| Columbia Undergraduate Science Journal

Humans use language for cooperation, self-expression, and much more. So it's not surprising that, since the dawn of computing, scientists have envisioned building technology that can communicate with us seamlessly in natural language—i.e., human (as opposed to programming) language (1).

Thanks to decades of research, that goal is finally in view. Virtual assistants such as Apple's Siri and Amazon's Alexa can manage simple verbal interactions. Auto-correct and predictive text make drafting emails almost too easy. For speakers of major languages like English, the seamless integration of language into technology is so ordinary as to be invisible. Yet for speakers of endangered, minoritized, and under-resourced languages, it is often impossible to use their native languages in public spaces, such as school, work, or social media, without encountering social stigma and technological barriers.

Endangered languages are often indigenous languages. These languages are faced with declining numbers of native speakers in large part due to the forced assimilation of indigenous peoples through colonization and globalization (2). Around 40% of the world's 7,000 languages are endangered. That statistic comes from the UN, which declared 2019 the International Year of Indigenous Languages (IYIL), in recognition of indigenous languages' importance to cultural diversity, knowledge sharing and preservation, economic development, and peace and stability (3).

The IYIL action plan called for more technological resources to stem the worldwide decline in linguistic diversity (4). While especially acute for endangered languages, under-resourcing occurs even for languages with millions of speakers. Since tech companies have a financial incentive to focus on common languages in developed countries, only a tiny fraction of all languages have adequate technological support (5).

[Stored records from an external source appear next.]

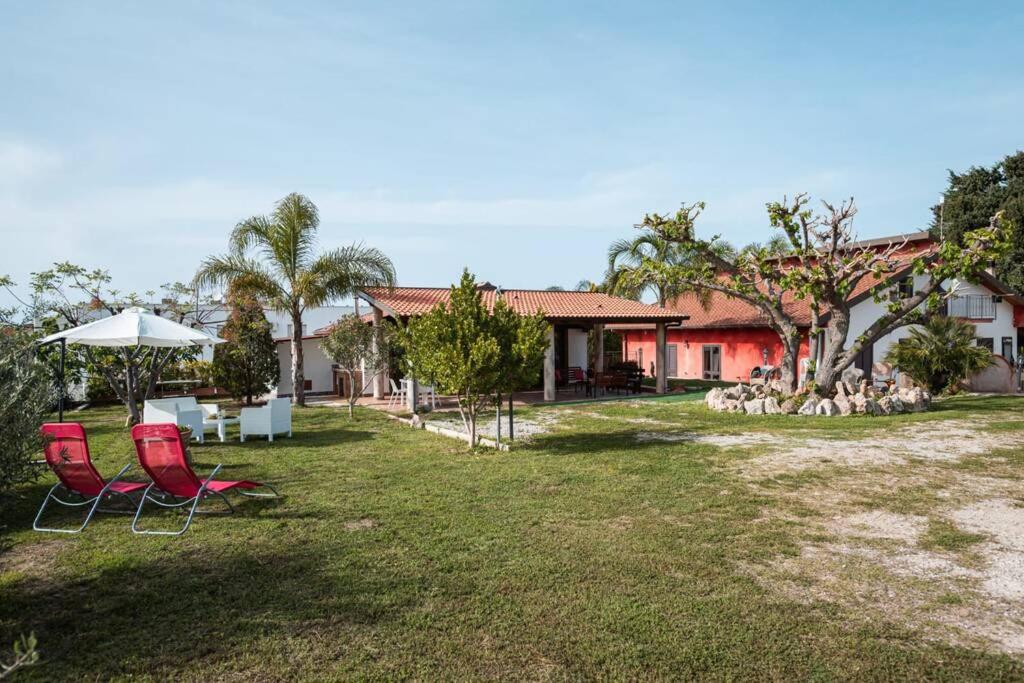 Villa Sole photo 2
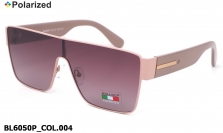 BIALUCCI очки BL6050P COL.004 polarized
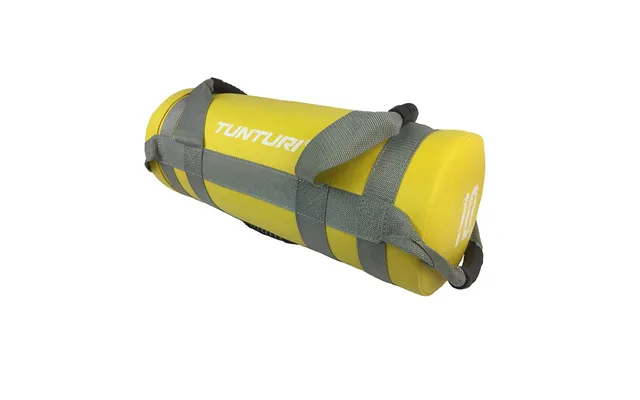Tunturi Sandbag 10 Kg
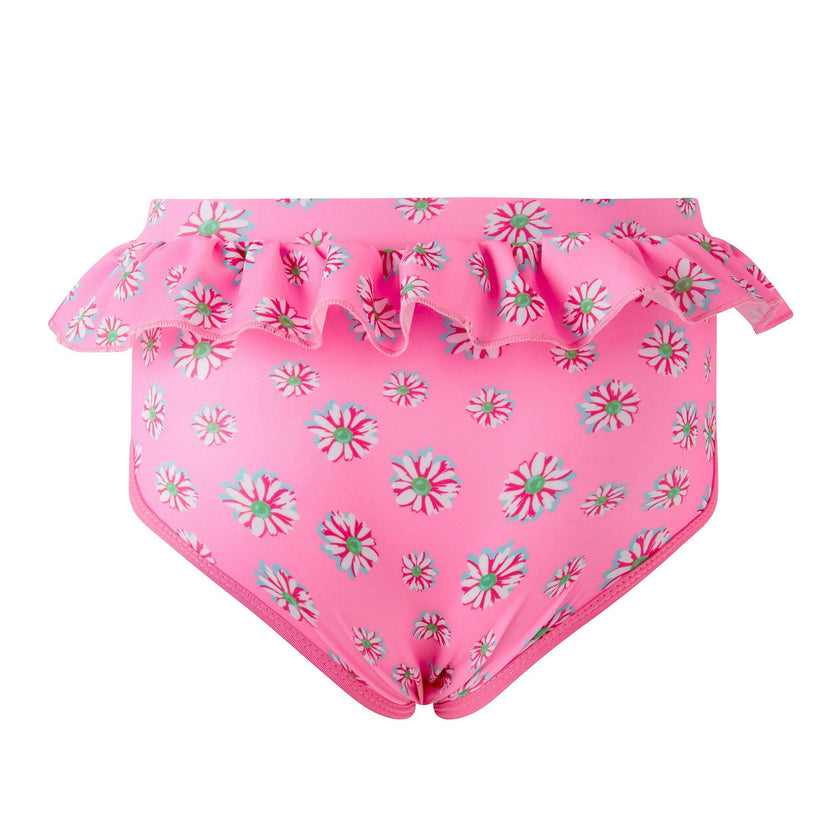 Daisy Rashguard Set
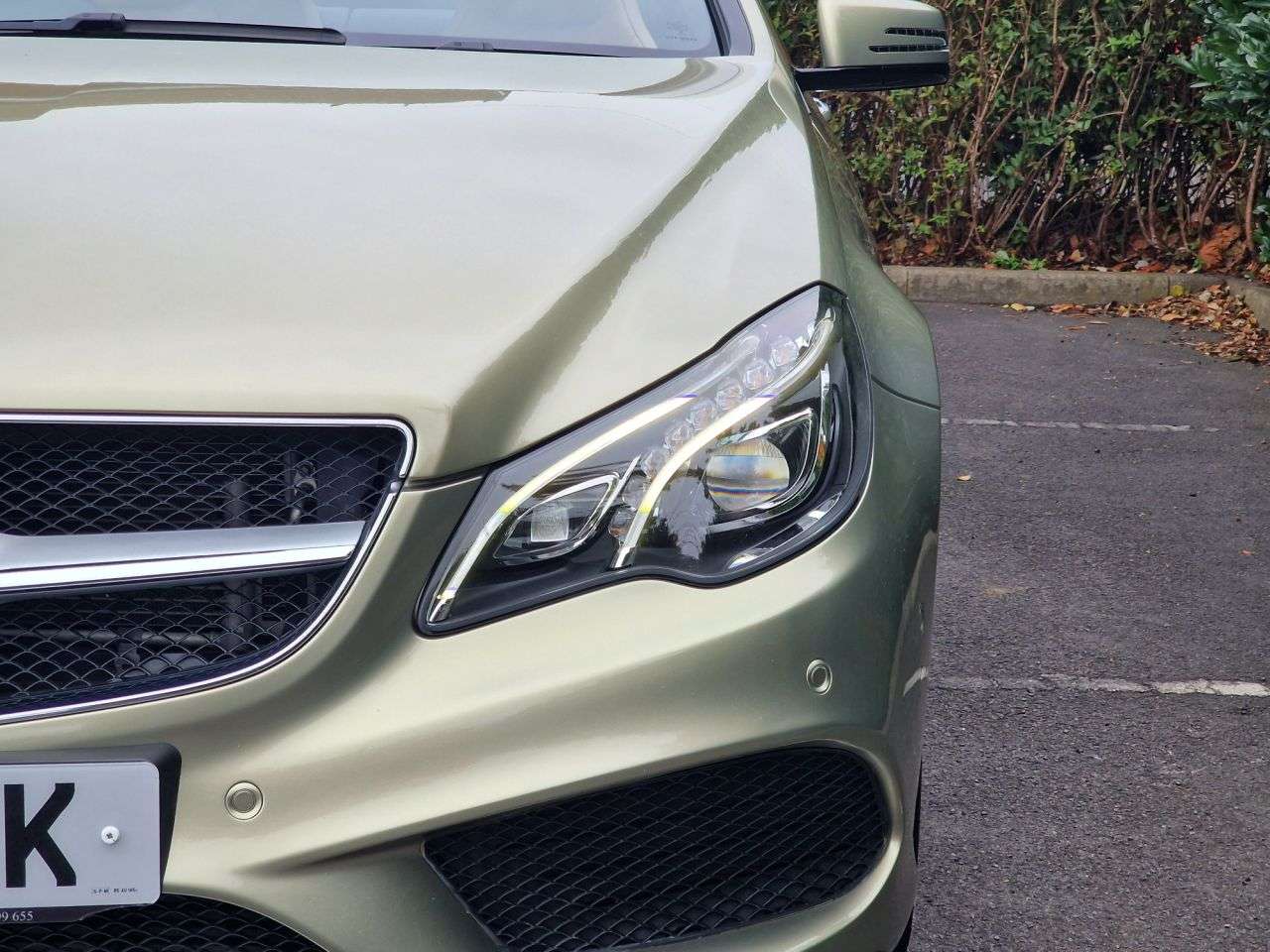 2015 MERCEDES-BENZ E-CLASS 2015 MERCEDES-BENZ E-CLASS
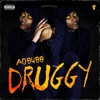 Druggy - Single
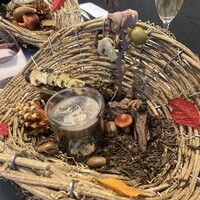 ラトラスフィス - 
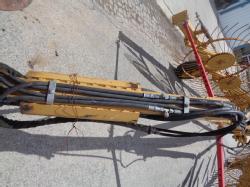 DR-3454 (2)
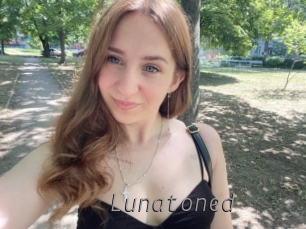 lunatoned Livestrip Cams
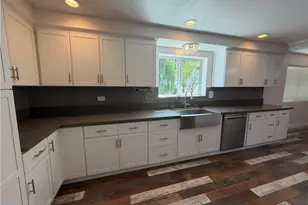 1985 E Laguna Rd, Mohave Valley, AZ 86440 - Photo 11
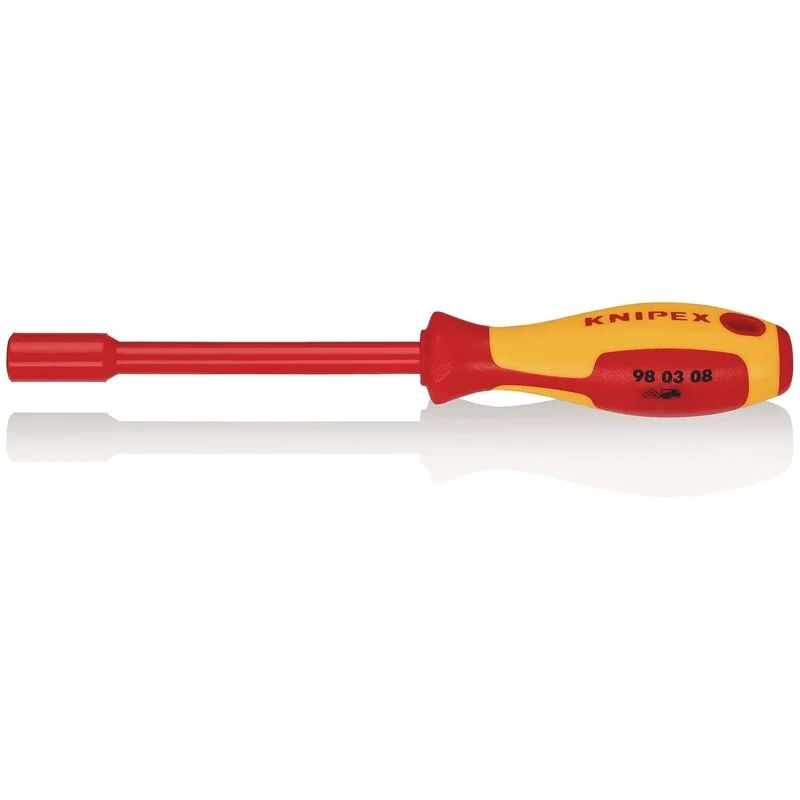 Knipex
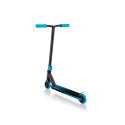 Stunt scooter Globber STUNT GS 360 / Blue 620-101-3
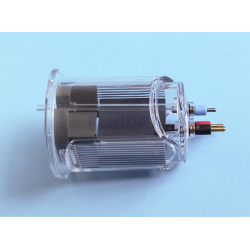 ELECTRODOS ZODIAC Ei² de 12 gr/h R0673600 (Ei-XS)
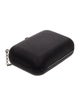 Kotur Evening Bag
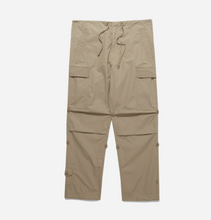 Load image into Gallery viewer, 8187U.S. Cargo Snopants
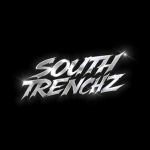 south trenchz 1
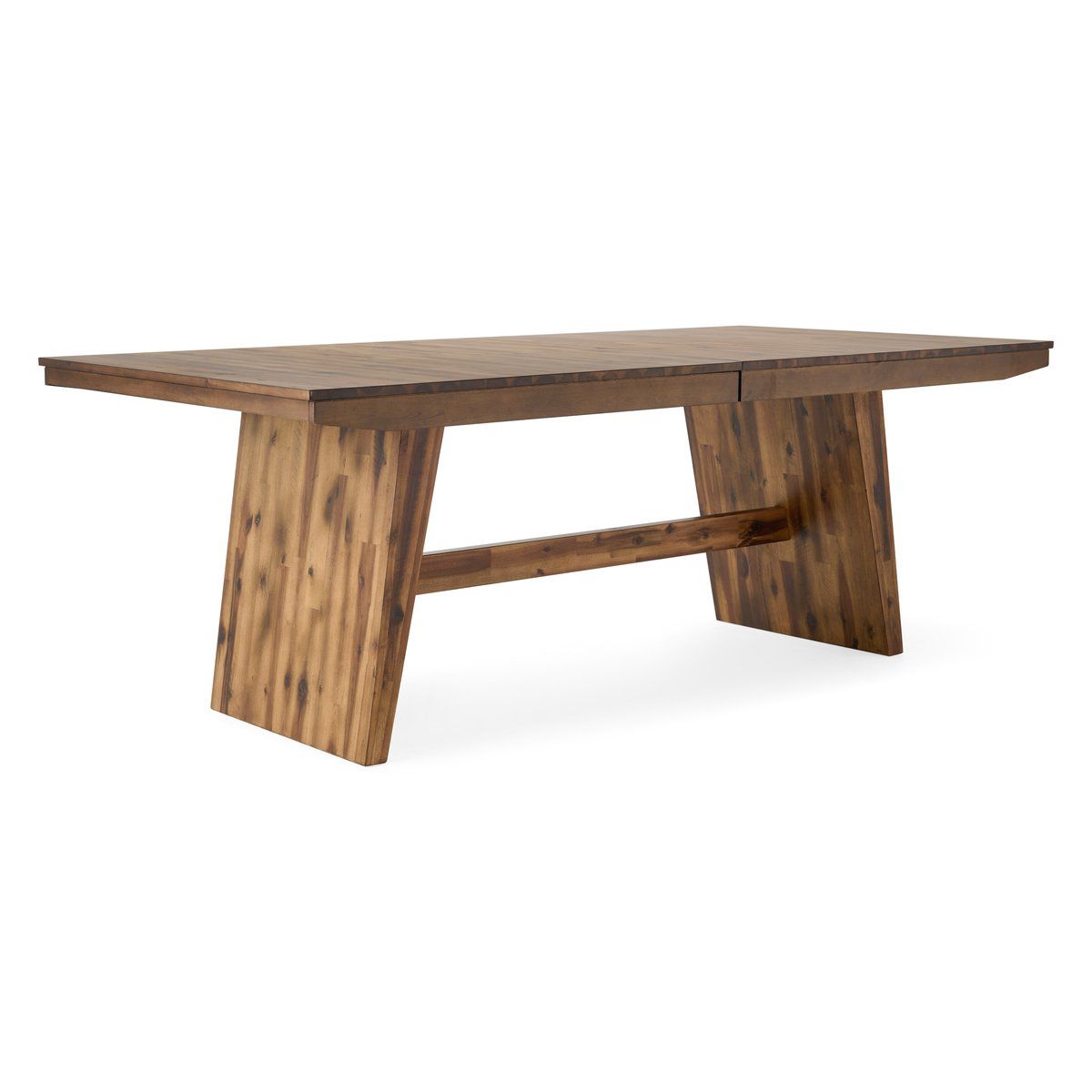 Vantage Dining Table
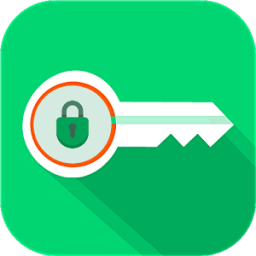 ikon VPN Master (Free)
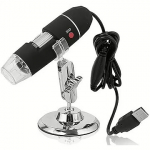 Media-Tech 500X MT4096 MT4096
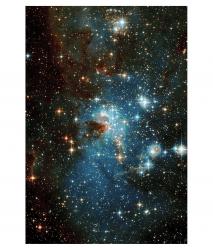 Schönstaub Nebula HEIC0607A | Rug - 1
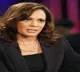 Harris outperforms Biden in 3 swing states ahead of 2024 presidential race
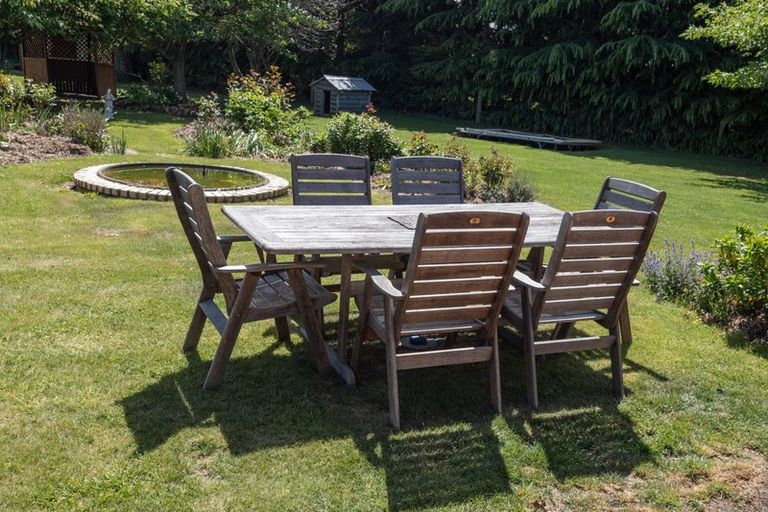 Photo of property in 55 Grayburn Road, Elgin, Ashburton, 7772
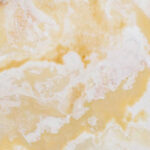 Travertino silver brown textura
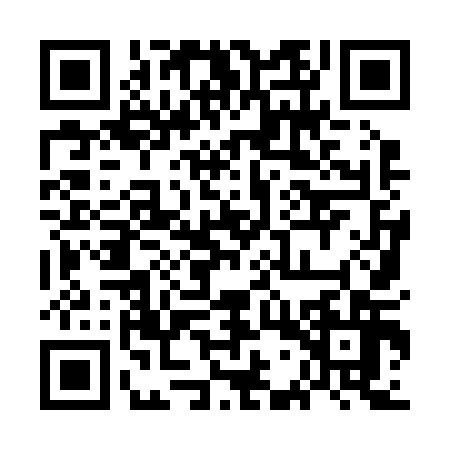 QR code for 7GY216D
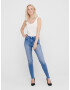 ONLY Blush Jeans Sin - Pepit.bg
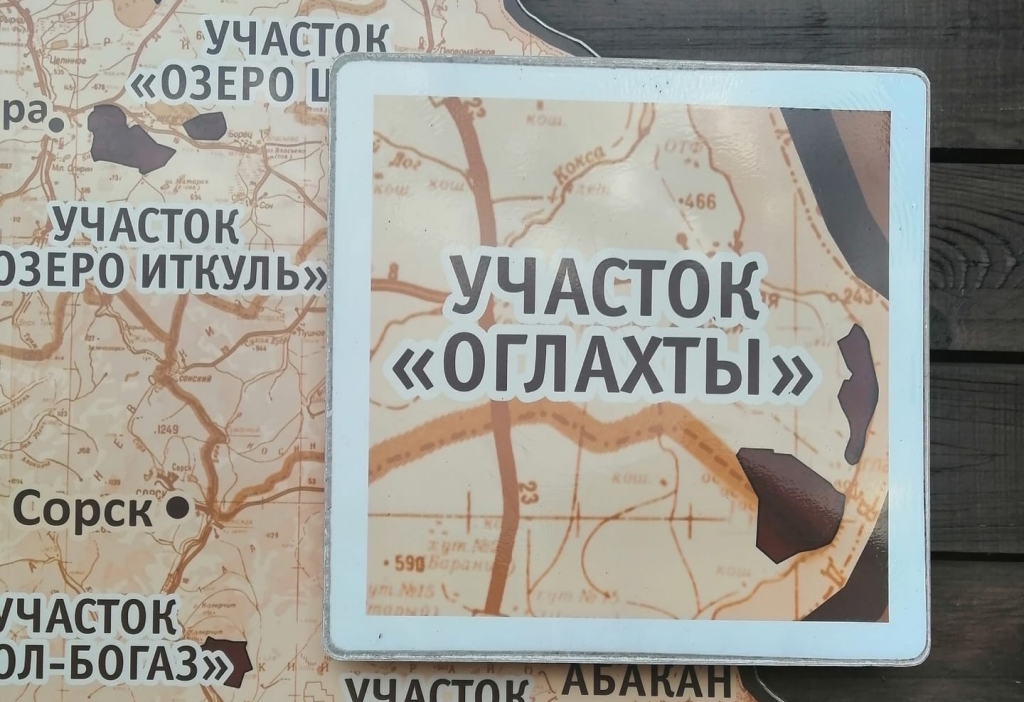 dcZ_YGu4eL4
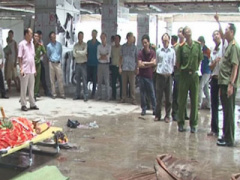 Ảnh bìa bài viết 323885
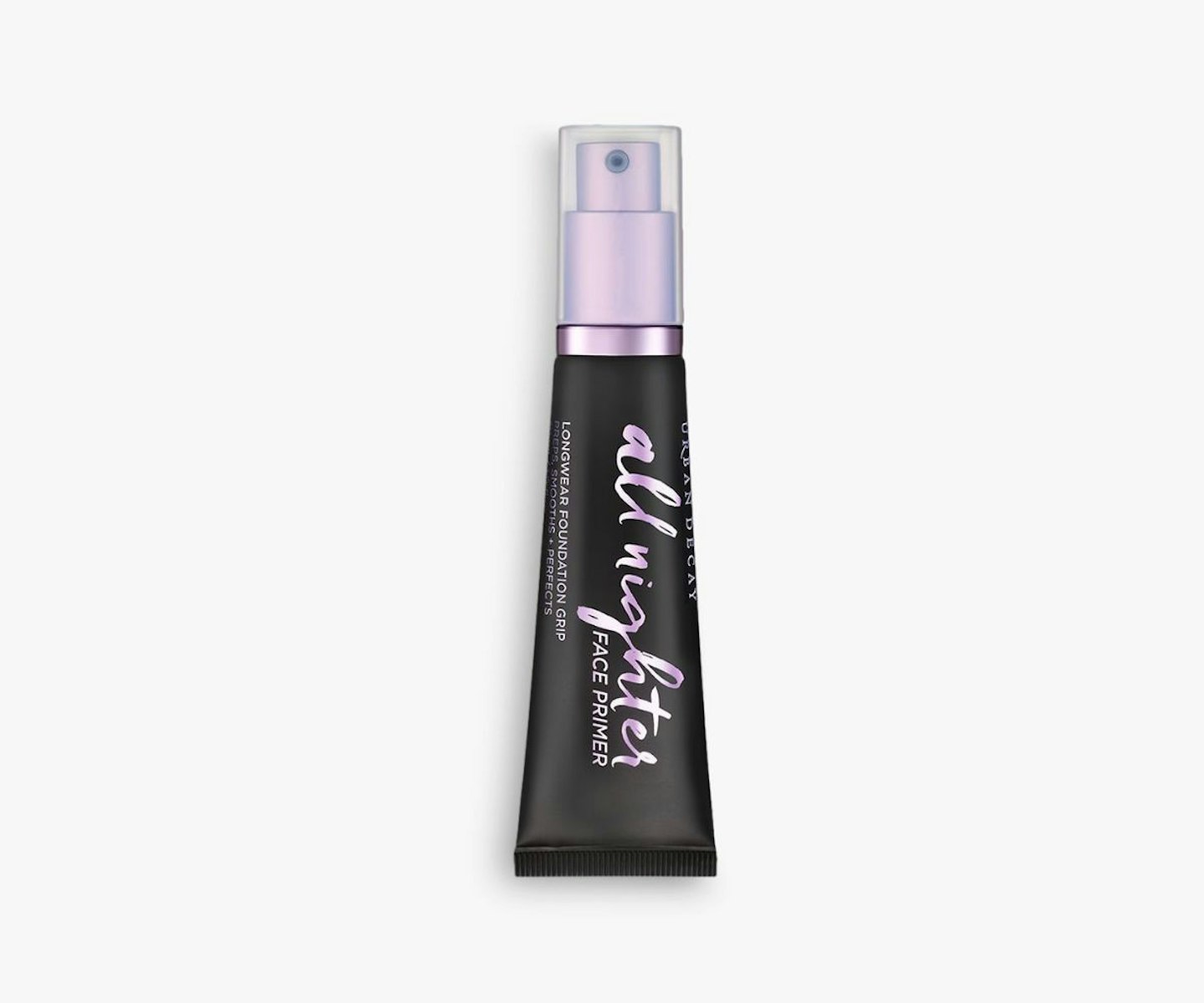 best-face-primer-for-mature skin
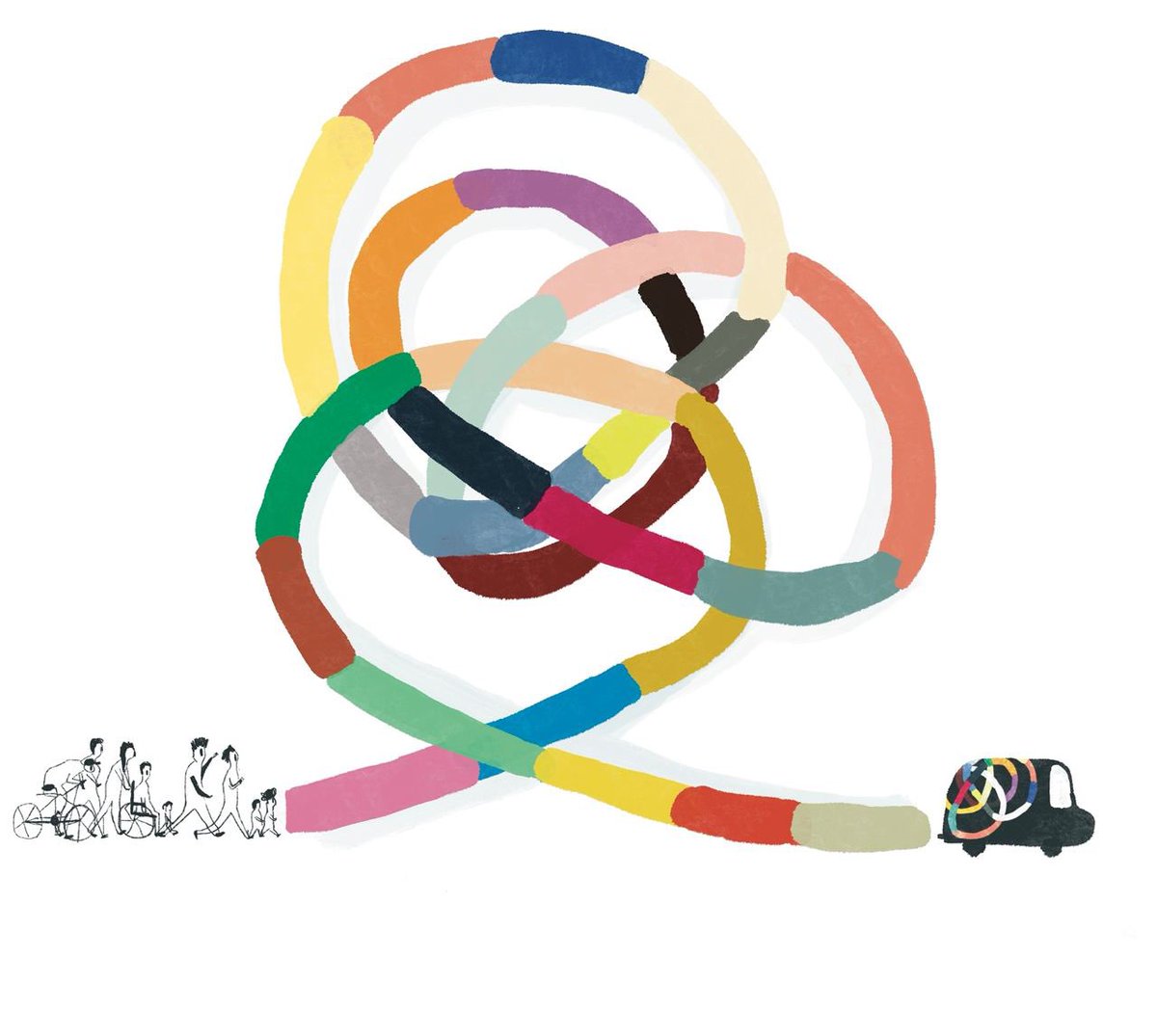 txgorria tweet media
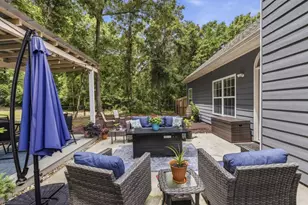 [Address not provided], Oxford, GA 30054 - Photo 31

At the time of writing, for instance, Google Translate claims to help people "communicate in over 100 languages," or roughly 1-2% of the world's living languages. Google Translate's website, however, shows that the minority and endangered languages supported tend to lack translation features available to major languages, such as the ability to take dictation or translate script from touchscreen writing (6). And while Google has researched how to improve translation quality for low-resource languages, Google Translate still provides subpar translations for these languages much of the time. Among other factors, the lack of large bodies of quality data in minority languages poses a challenge to the development of language models that would produce better translations (7, 8).

A piece of technology that could make it easier for speakers of endangered languages to carve out their place in the digital sphere, simultaneously producing more language data that can advance the development of further technologies for their languages, is the digital keyboard. One example, Poio, comes from researchers at the Interdisciplinary Centre for Social and Language Documentation, in partnership with endangered language community members in Europe. Poio collects endangered language data from diverse sources, including Wikipedia articles and digitized dictionaries, into ready-to-use form for both computational linguistics research and apps, such as the predictive keyboard which the researchers developed for 27 endangered languages. Besides aiding researchers like themselves, the Poio creators hope their product will aid younger generations in learning their communities' languages. They are now working on improving the quality of their keyboard's text predictions, expanding it to more languages, and support for offline use (9). Thanks to Poio and similar projects (such as the indigenous languages keyboard developed by the Canada-based First Peoples' Cultural Council), what was once a common convenience only for major languages is becoming accessible for minority languages (10).

What about endangered languages from cultures with oral traditions? These languages often lack a standardized script and manpower to carry out the painstaking work of transcribing and translating speech (11). To solve this problem, computer scientists are automating the transcription of endangered languages from audio and aligning audio recordings with their translations into more common languages, helping to preserve these languages for future generations and bypassing the so-called "transcription bottleneck" that has plagued linguistic fieldwork for years (12). And language communities which no longer have fluent speakers may one day benefit from advances in automated language reconstruction (13).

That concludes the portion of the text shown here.